URGENSI PEMBAHARUAN HUKUM PIDANA INDONESIA |
URGENSI PEMBAHARUAN HUKUM PIDANA
INDONESIA
Penulis : YAEL ARGANI SARAGIH, S.H.
“…Zaman Beralih Musim Bertukar…” itu juga yang terjadi dengan Hukum
yang berlaku di Indonesia. Peribahasa ini mengingatkan kita dengan
Undang-Undang No. 1 Tahun 1946 Republik Indonesia Tentang Peraturan
Hukum Pidana atau yang disebut dengan KUHP. KUHP merupakan induk peraturan
hukum pidana di Indonesia. Wetboek van Strafrecht voor Netherlands Indie (WvSNI)
merupakan turunan dari Wetboek van Strafrecht (WvS) yang
diberlakukan di Belanda sejak tahun 1886.
Pasca kemerdekaan,
pemerintah Indonesia mengganti sebutan WvSNI menjadi Kitab Undang-undang
Hukum Pidana atau KUHP pada 1946. WvSNI
diberlakukan di Indonesia sejak 1918. Saat itu, Indonesia yang dijajah
Belanda masih bernama Hindia Belanda. Pasca kemerdekaan, pemerintah Indonesia
mengganti sebutan WvSNI menjadi Kitab Undang-undang Hukum Pidana atau
KUHP pada 1946.
Aksi Kumham “Goes to Campus” , Ajang Sosialisasi RUU KUHP dan Dialog dengan Mahasiswa, di Kota Medan tepatnya di
Universitas Sumatera Utara (USU), Wakil Menteri Hukum dan Hak Asasi
Manusia , Prof. Dr. Edward Omar Sharif Hiariej, S.H., M.Hum., mengatakan
setidaknya terdapat tiga nilai pokok yang melatarbelakangi kepentingan
tersebut, yakni harus menyesuaikan dengan perkembangan zaman, berorientasi pada
hukum pidana modern, dan menjamin kepastian hukum.
Bahkan Brian Z. Tamanaha telah mengintroduksi mirror thesis dengan menyatakan bahwa hukum suatu bangsa adalah cermin (mirror) bangsa tersebut. Dengan demikian pemberlakuan WvS hanya didasarkan kepada pertimbangan praktis yang bersifat temporer. Memang sudah seharusnya bangsa Indonesia bertekad melalui badan legislasi untuk mengganti hukum colonial belanda dengan hukum nasional yang bercorak Pancasila.
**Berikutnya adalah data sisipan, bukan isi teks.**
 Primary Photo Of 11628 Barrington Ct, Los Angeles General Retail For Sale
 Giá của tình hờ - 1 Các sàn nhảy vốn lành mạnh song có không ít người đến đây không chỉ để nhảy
Adapun urgensi perubahan terhadap KUHP didasarkan pada beberapa pertimbangan yaitu alasan politis, alasan praktis, dan alasan sosiologis.[1] Alasan Politis, yakni sebagai negara yang Merdeka, wajar bahwa negara Republik Indonesia memiliki KUHP yang bersifat nasional. Adapun alasan Praktisnya yaitu didasarkan kenyataan semakin sedikitnya sarana hukum Indonesia yang mampu memahami bahasa Belanda dan asas-asas hukumnya. Alasan sosiologis di mana KUHP berisi pencerminan dari nilai-nilai kebudayaan dari suatu bangsa.
Dengan demikian Hukum
Pidana dituntut untuk memberikan keadilan ditengah - tengah situasi yang tengah
berkembang dan terus berubah. KUHP nasional harus dapat menyesuaikan diri
dengan perkembangan zaman khususnya perkembangan internasional dalam bidang ilmu
pengetahuan dan teknologi dan kesepakatan-kesepakatan Internasional.